■ What is required ■
What you write must match, character for character, the lines from the one with "欣宝MD917plus/918/920感应式木材水分仪纸张墙面含水率测试仪" down to the one with "The Ayakashi Hunter" in the listing below, minus its pictures.

■ Entries shown ■
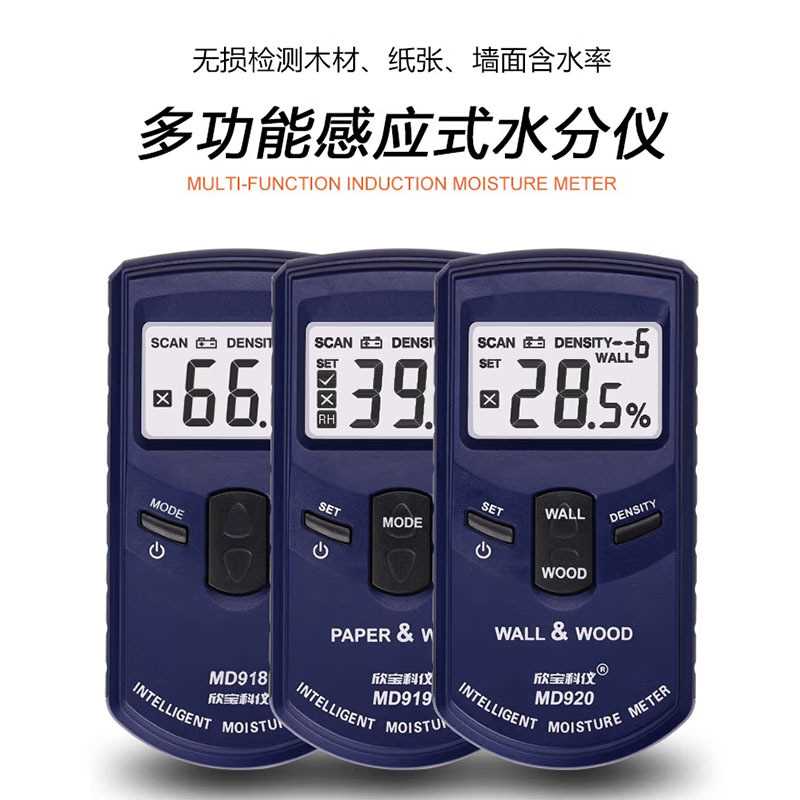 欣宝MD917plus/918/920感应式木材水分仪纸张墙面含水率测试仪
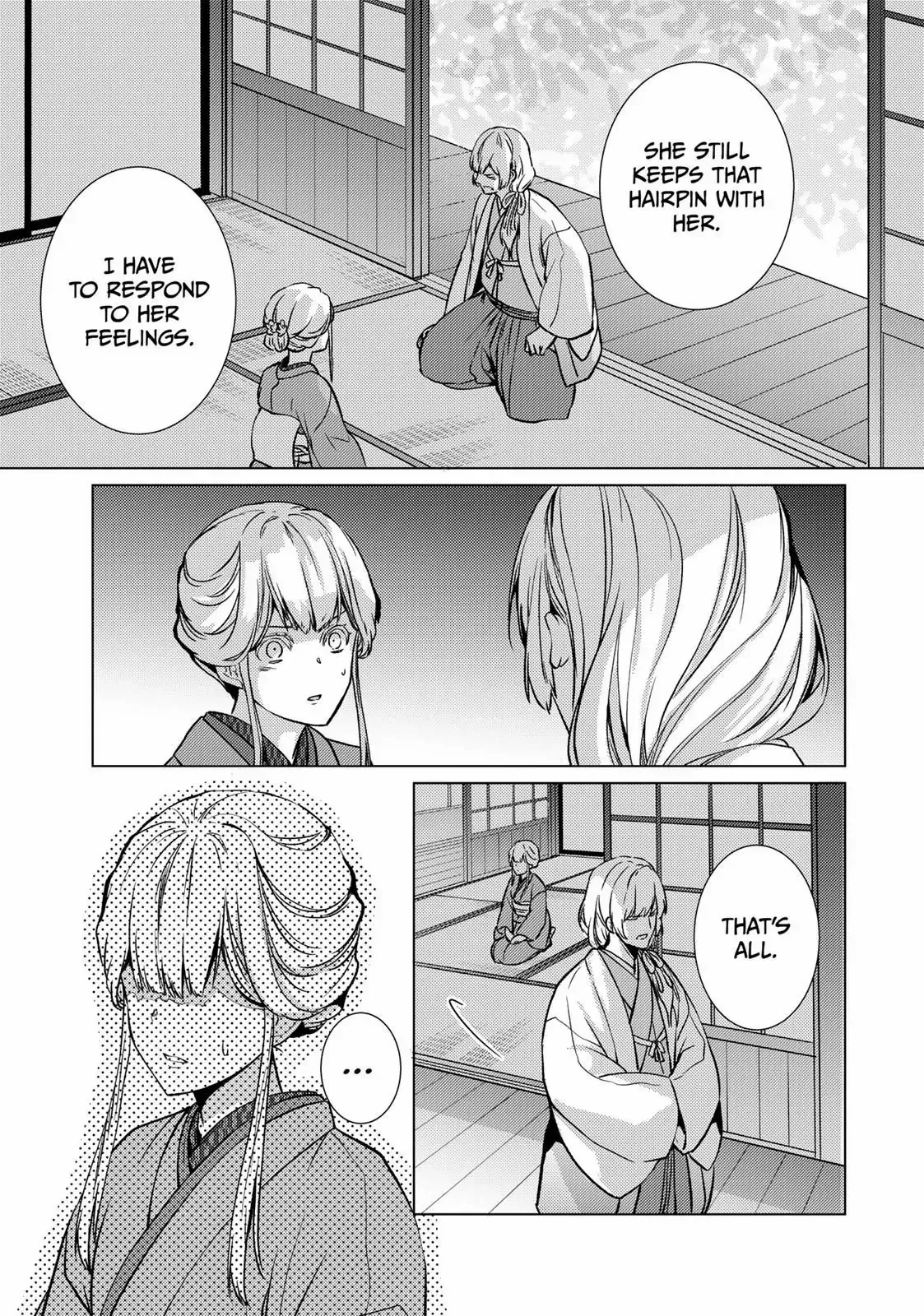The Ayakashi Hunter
---
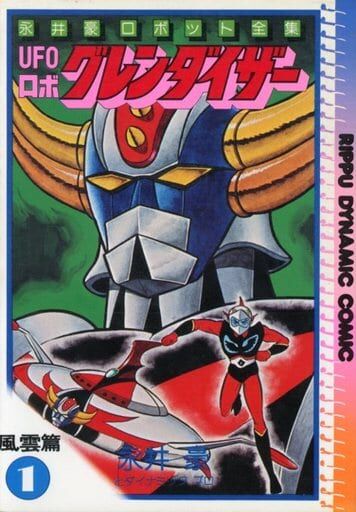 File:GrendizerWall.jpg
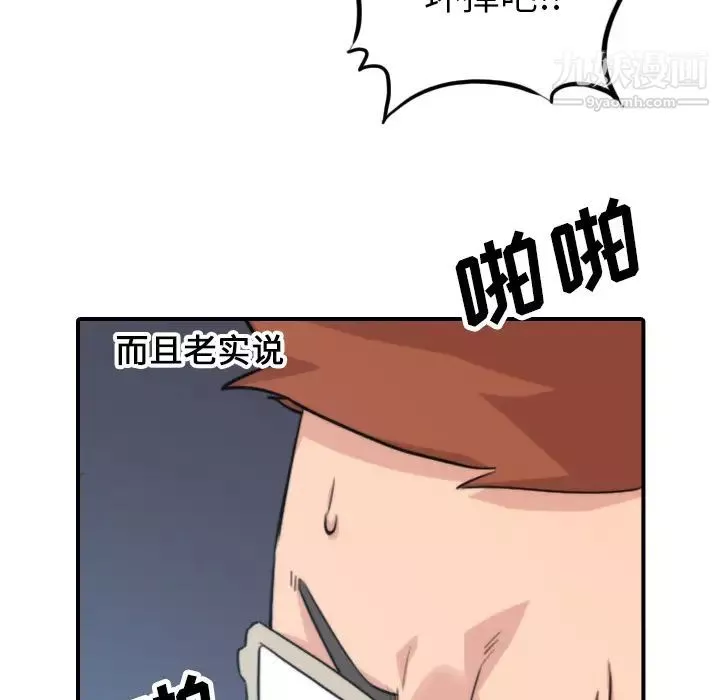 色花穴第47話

■ Your response ■
 欣宝MD917plus/918/920感应式木材水分仪纸张墙面含水率测试仪
The Ayakashi Hunter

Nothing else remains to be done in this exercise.